No, nobody is offended, I have only mentioned the third commandment ("Thou shalt not take the name of the Lord in vain").
It is the reason why the believers use substitutions like "ježkovy oči" (beginning with "jež-" like "ježíšmarjá").

For example, if you see something surprising or amazing, you can say "ježkovy oči" in Czech. Nowadays it is probably commoner than the somewhat outdated "ježíšmarjá".


----------



## morior_invictus

jasio said:


> Actually, in Polish it's "Jezus, Maria!"


I've also heard this used in Slovakia.


francisgranada said:


> Slovak: "ježišmária" or "ježišmaria".


Some people even add "Jozef" to it. 

My knowledge of Hungarian is very limited but, in Bratislava, one can also hear "Kristušát Máriat!" (Kristuszsat Mariat ) or "Kristušát neky!" (Kristuszsat neki ).


----------



## jasio

Vukabular said:


> In my opinion a conjuction "and" should stand between two names which is missing in this case and leads me to the conclusion that it is a name and an adjective.


It's an interjection, not a phrase. In Polish It's written with a coma, albeit it's pronounced as one string of vocals: Jezus, Maria. Back then also a Joseph could be added: Jezus, Maria, Józef.

I think that your speculation goes too far based on a mere lack of a conjunction. Besides, it just does not make much sense. Even if some ancient roots could really lead to isis, for the speakers it would not mean anything, because their clear intention was to refer to Jesus Christ.


----------



## Glasguensis

Vukabular said:


> In my opinion a conjuction "and" should stand between two names which is missing in this case and leads me to the conclusion that it is a name and an adjective.

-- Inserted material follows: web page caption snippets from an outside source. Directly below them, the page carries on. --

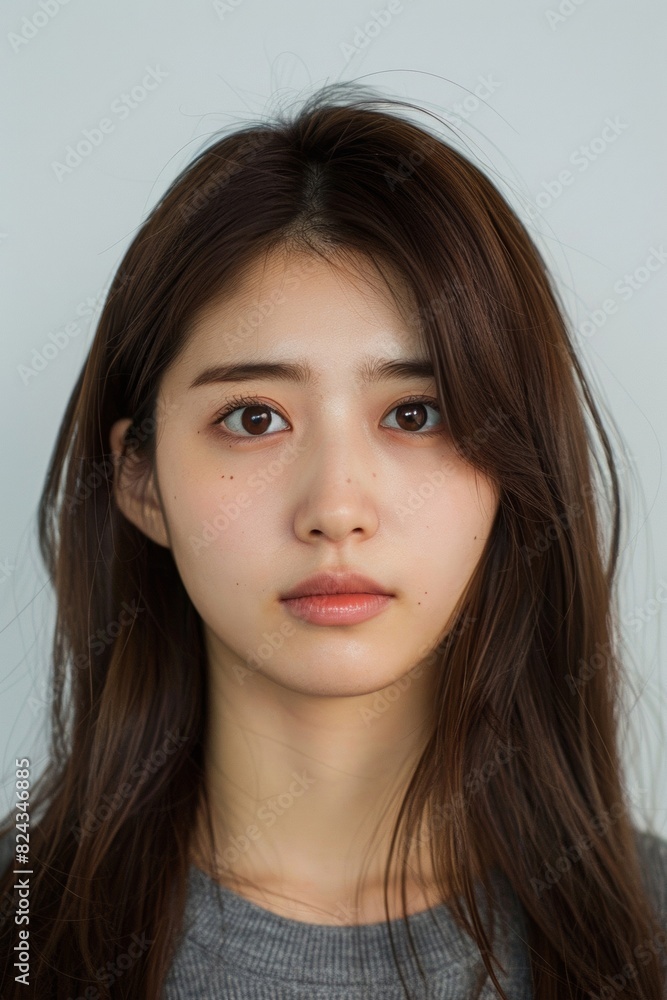 Sweet-Faced Korean Girl with Middle Part Hairstyle
Sweet-Faced Korean Girl with Middle Part Hairstyle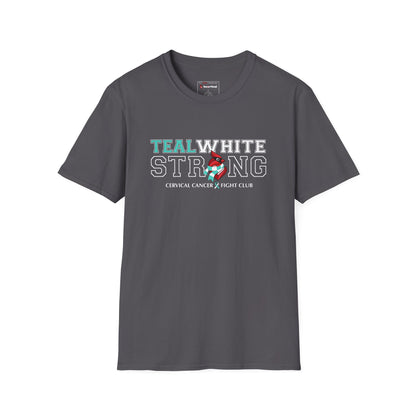 Teal White Strong - Cervical Cancer Fight Club T-Shirt
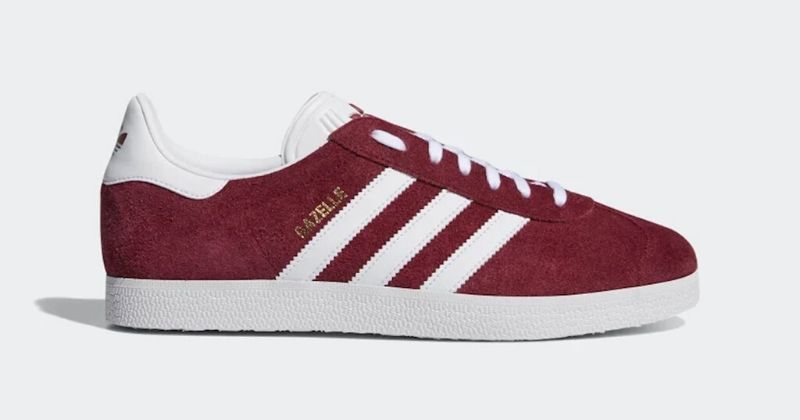 adidas Gazelle in red and white on light grey background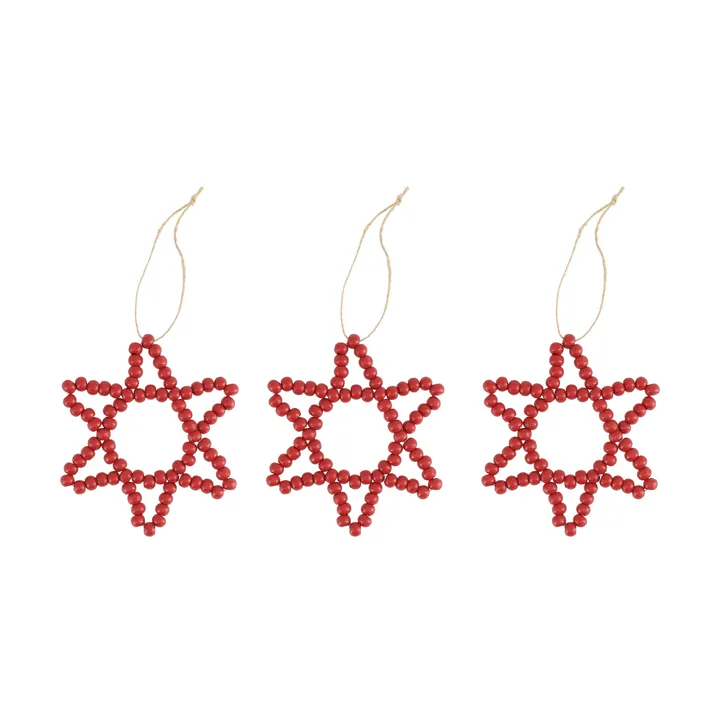 Craft Christbaumanhänger Stern, 3er-Pack - Rot - Scandi Living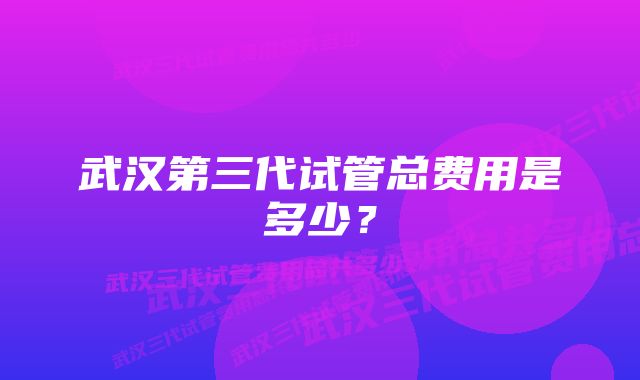 武汉第三代试管总费用是多少？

That is frankly ludicrous. Idiomatic expressions, especially interjections, often get deformed over time, and the absence of an unnecessary « and » allows us to conclude nothing whatsoever. Serious etymology, as others have already mentioned, relies on finding references and prior usage. For example for the moment you haven’t demonstrated that what you propose as a source expression was actually used in pre-Christian Greco-roman culture, whereas the relative wealth of written material from this time ought to permit it.


----------